Danish schools will stop sending student data to Google


School students in Denmark regularly use Chromebooks and Google Workspace in class. But from now on, their data will not be sent to the tech giant.

The Danish data protection authority (Datatilsynet) has now issued an injunction regarding the data and the fact that it’s being sent to Google through the use of the company’s products.

The agency began analyzing the problem around four years ago when it was contacted by Jesper Graugaard, a concerned parent and activist. He was worried that student data was being sent to Google despite the potential for its misuse or the impact that it could have in the future when these kids grow up.

His protestations were justified, it seems. The agency has now decided that the current methods of transferring personal data to Google do not have a legal basis, and 53 municipalities across Denmark must adjust their data processing practices.

Using tools like Google Workspace will also have to stop for now, as schools will have to analyze and document how personal data is processed. The country’s educational institutions must ensure that Google refrains from processing any data it receives for non-compliant purposes.

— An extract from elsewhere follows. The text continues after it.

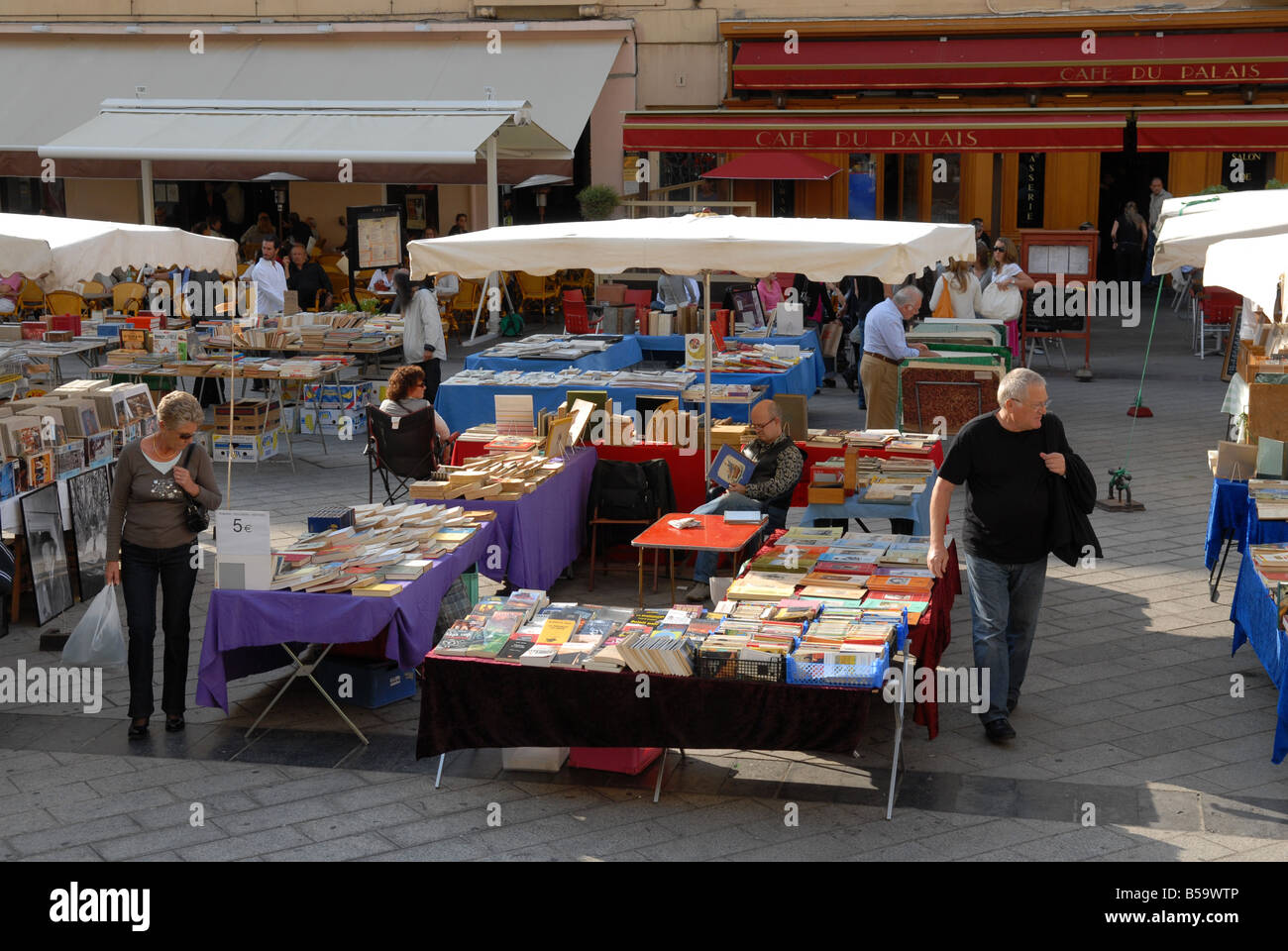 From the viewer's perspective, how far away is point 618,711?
6.27m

Municipalities have until March 1st to declare precisely how they intend to comply with Datatilsynet's order and until August 1st to fully align their data processing practices with the new requirements.

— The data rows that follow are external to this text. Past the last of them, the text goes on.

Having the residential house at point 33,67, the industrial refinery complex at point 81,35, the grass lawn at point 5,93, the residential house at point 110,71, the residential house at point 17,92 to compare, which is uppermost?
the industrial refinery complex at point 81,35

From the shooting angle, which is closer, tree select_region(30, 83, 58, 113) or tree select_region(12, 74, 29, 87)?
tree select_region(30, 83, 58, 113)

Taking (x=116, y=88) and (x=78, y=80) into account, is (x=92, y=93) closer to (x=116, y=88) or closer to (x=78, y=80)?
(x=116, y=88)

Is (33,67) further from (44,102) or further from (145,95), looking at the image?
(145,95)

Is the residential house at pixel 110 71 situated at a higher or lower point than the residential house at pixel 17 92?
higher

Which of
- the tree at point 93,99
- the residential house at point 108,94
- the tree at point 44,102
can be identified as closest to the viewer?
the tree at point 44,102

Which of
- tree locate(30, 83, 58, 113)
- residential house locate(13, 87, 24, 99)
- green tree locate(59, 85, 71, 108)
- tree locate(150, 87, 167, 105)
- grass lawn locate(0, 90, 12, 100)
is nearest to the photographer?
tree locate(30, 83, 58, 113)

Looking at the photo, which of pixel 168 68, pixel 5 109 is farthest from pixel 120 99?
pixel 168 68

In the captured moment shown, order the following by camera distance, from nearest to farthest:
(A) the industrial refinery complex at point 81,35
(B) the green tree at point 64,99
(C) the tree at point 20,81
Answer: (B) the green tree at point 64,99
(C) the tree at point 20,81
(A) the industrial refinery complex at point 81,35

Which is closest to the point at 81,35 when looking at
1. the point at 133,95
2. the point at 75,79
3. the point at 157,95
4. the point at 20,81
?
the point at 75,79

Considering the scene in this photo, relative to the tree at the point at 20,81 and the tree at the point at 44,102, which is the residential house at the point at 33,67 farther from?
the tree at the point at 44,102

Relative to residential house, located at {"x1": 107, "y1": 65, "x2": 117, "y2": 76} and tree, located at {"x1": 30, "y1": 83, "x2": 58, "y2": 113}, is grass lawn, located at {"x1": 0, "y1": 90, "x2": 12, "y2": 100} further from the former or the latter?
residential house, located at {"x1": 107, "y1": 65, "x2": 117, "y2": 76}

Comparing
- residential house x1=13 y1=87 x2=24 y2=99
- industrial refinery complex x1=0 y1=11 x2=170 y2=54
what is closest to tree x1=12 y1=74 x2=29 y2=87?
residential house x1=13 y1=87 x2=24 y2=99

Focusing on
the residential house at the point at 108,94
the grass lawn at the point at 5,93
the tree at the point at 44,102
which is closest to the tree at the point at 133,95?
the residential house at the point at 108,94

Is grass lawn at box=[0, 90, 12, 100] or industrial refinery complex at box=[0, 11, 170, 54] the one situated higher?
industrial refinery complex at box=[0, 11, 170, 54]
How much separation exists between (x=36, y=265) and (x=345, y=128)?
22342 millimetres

"Today's IT services often function in such a way that the transfer of personal data is built into the product, and that the use of the information is often a prerequisite for getting the full benefit of the products' functionality,” said the agency’s IT security and law specialist, Allan Frank.

“However, this does not always happen with sufficient focus on the protection of the citizens whose information is used.”

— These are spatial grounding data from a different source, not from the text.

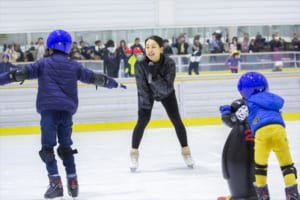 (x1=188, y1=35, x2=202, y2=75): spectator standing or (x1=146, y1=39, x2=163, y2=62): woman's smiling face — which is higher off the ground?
(x1=146, y1=39, x2=163, y2=62): woman's smiling face

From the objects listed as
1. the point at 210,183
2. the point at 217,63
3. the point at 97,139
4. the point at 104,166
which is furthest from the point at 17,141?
the point at 217,63

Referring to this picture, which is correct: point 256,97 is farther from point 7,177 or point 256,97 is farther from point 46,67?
point 7,177

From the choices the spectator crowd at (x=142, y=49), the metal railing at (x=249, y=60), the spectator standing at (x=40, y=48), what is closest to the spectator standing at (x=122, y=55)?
the spectator crowd at (x=142, y=49)

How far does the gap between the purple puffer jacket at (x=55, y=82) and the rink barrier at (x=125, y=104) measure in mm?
5333

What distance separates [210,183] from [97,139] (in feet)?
12.3

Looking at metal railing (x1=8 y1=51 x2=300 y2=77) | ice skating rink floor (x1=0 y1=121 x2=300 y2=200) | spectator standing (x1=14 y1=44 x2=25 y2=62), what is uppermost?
spectator standing (x1=14 y1=44 x2=25 y2=62)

“Neither the functionality of the solutions you want to use, nor the supplier's market position, the standardized structure or the mere use of a standard product can justify not complying with the rules on data protection which we must have in Europe.”

However, Frank called these rules political and said it was today extremely difficult for data-responsible companies and authorities to live up to the GDPR (General Data Protection Regulation), the European Union’s regulation on information privacy.

“It is easy to lose track of what is happening with data. We at the Danish Data Protection Authority therefore call for contracts to be made more transparent – not just in relation to the processing structure, but also in relation to the consequences when conditions surrounding the delivery change.”